We did not include studies that used PCR as part of a multistep algorithm and cannot address the role of PCR in that setting. Given the need to rapidly diagnose CDI, multistep testing algorithms may not offer an advantage but may be used for cost savings.
Our analysis extends the results of a recently published meta-analysis that compared PCR for diagnosis of CDI.64 Deshpande et al64 conducted a search of 4 databases and identified 19 articles published between January 1995 and September 2010. Inclusion and exclusion criteria were similar to those in the present study, although our search identified 2 additional studies that were published after the search dates used by Deshpande and colleagues. The reference standards used were also the same, although toxigenic culture and cytotoxicity assay were combined for the main analysis by Deshpande and colleagues, whereas we opted to separate these 2 groups because of their heterogeneity and to prevent double counting of populations in studies that used 2 reference standards.

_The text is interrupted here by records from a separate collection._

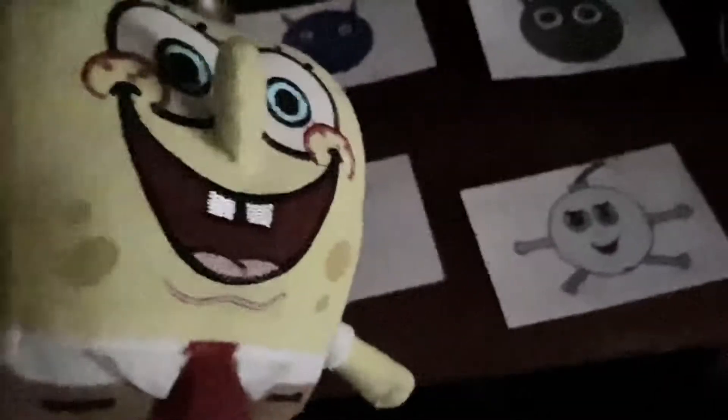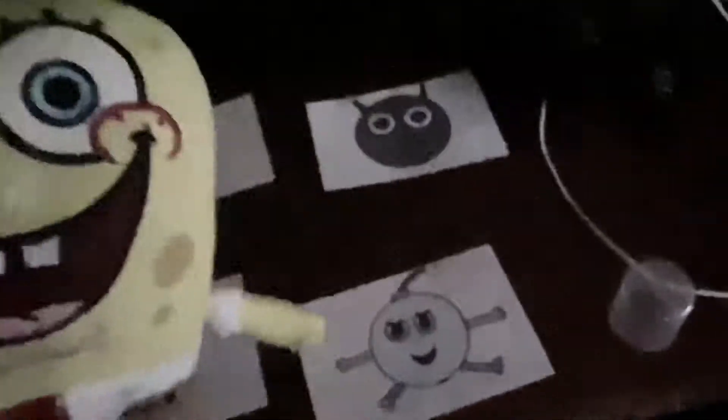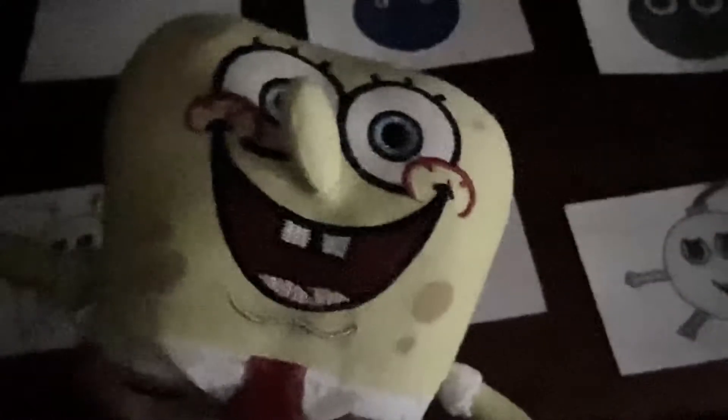Now I want you to guess in the comment section below: who do you think is the main character? Do you think it's this red guy, this ghost guy, this blue guy, this bomb, this grey guy, or this other blue guy? Let me know down in the comments which one of these characters is the main character.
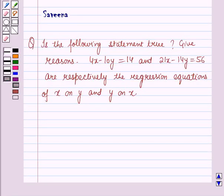Hello and welcome to the session. In this session, we will discuss a question which says: is the following statement true? The equations 4x minus 10y equals 14 and 21x minus 14y equals 56 are respectively the regression equations of x on y and y on x.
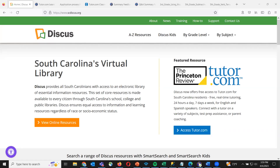Good afternoon, everybody. My name is Maxine. I work over at Tutor.com, and I'm really excited to present this webinar in partnership with SC Discus to talk about Tutor.com for parents — the different features that parents might be most interested in, how the platform works, and all that information.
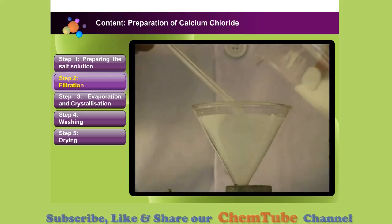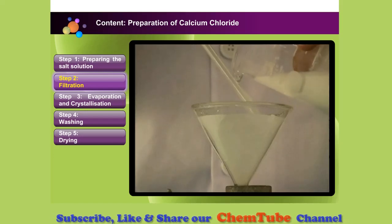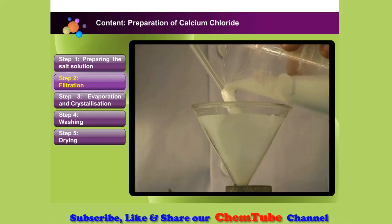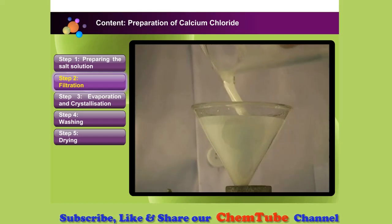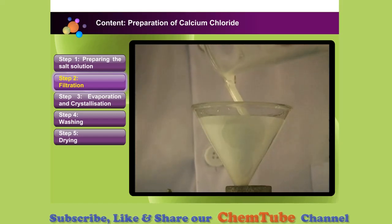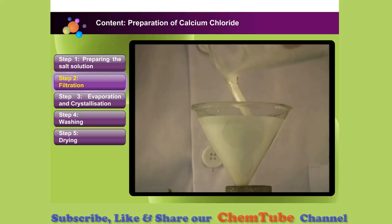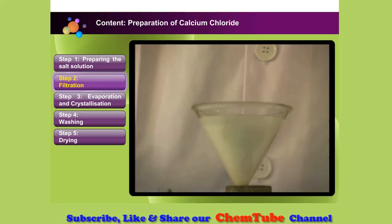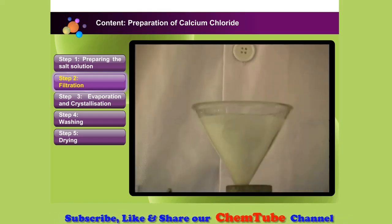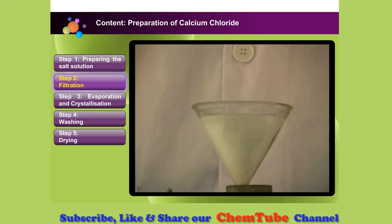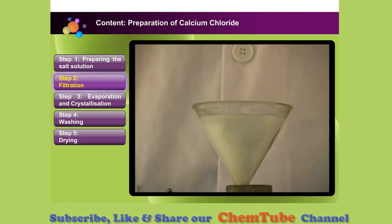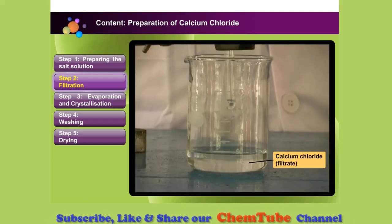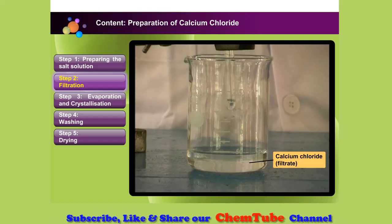First, filter the mixture to remove excess calcium carbonate powder. Leave the excess calcium carbonate powder on the filter paper. The filtrate — calcium chloride solution — is collected in the beaker.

LAMP seems to be a promising test according to current data; however, the high degree of heterogeneity in the study designs tempers any conclusions drawn from aggregate data. Nonetheless, the high degree of performance in each of the 6 studies makes a strong case for continued research into this diagnostic tool.
Polymerase chain reaction is a promising test for diagnosis of CDI, with high sensitivity, specificity, PPV, and NPV. We recommend PCR as a preferred diagnostic test for CDI and further investigation of LAMP as an alternative molecular diagnostic tool. Additional studies are needed to clarify the role of PCR for detection of asymptomatic colonization and to determine whether infection control interventions directed at isolation of the asymptomatic carrier would reduce nosocomial CDI.